We applied the lessons we learned from the last time, and I scrapped the slides from before (which was recycled from someone else's presentation due to time constraints) and started from scratch, greatly reducing the number of slides, the amount of text on each slide and eliminating repetition. I had time to really think about what I was going to say and what examples to show, and we carefully selected which books and items to take so we weren't so overwhelmed. I think it was just about right this time, and while I was still a tad nervous, I was much more relaxed than last time.

It helped that we had an audience that seemed much more engaged than our previous one, and I'm happy to report that no one in the first session went to sleep! In the second session there were a few that were nodding off at times, but I think that had more to do with the fact it was after lunch, very warm in the room, and the attendees had been there since around 8:00 am, than it did our presentation. At least no one decided to just put their heads on the desk and blatantly take a nap like last time! We had more questions and comments than before, and quite a few attendees complimented us and sincerely thanked us for coming. 

Would I do anything differently next time? I don't really think so. I think this time I had the slides just right, and my delivery was much better, so it's just a matter of continuing to get experience and becoming even more comfortable with public speaking. 

In case you're curious, our presentation covered what early literacy is (and isn't!), early literacy skills/components, the five practices (talk, sing, play write, & read), tips for selecting books for preschool read alouds, tips for keeping kids engaged in a read-aloud, how your library can help you, and other resources.

The other cool thing was I got to meet John Archambault, co-author of Chicka Chicka Boom Boom! He was the keynote speaker for the event, and was very gracious, posing for pictures and talking to everyone, and he autographed the sign that was on the door of our presentation room.

Sunday, April 23, 2017

Let's Try This Again...

Last fall I had the opportunity to challenge myself and give an early literacy presentation for child care workers and preschool teachers, along with my manager. I am always looking for opportunities to expand my repertoire and gain new skills and experiences, so I was glad to do it. Unfortunately, it didn't quite go as well as I'd hoped.
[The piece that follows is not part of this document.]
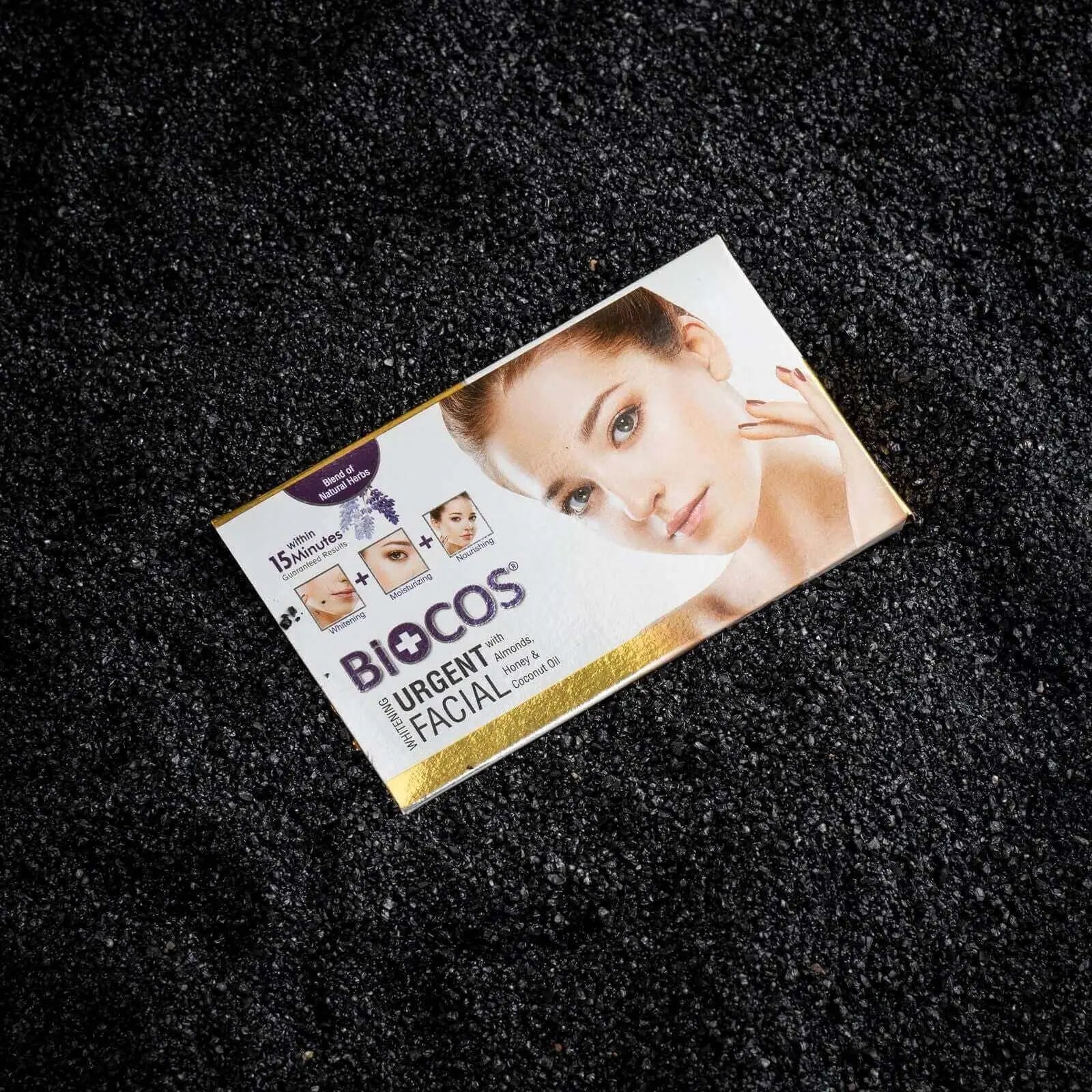 Urgent Facial Sachet – Whitens & Revitalizes with Almond Oil, Honey & Vitamin B3 (Pack of 2)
To start with, we only had 2 weeks to put it together, and with me being only part-time and my boss being a very busy outreach manager, that amounted to very little time! We did the best we could, but it just really wasn't enough time to prepare adequately. I knew the material well, but I did not have the actual presentation of it down. Plus, I got a little nervous, and when I'm nervous I tend to talk too fast. I forgot to pause and show examples, and realized it was too repetitive, and the slides were way too text heavy. To make matters worse, two of the attendees blatantly put their heads down on their desks and went to sleep! 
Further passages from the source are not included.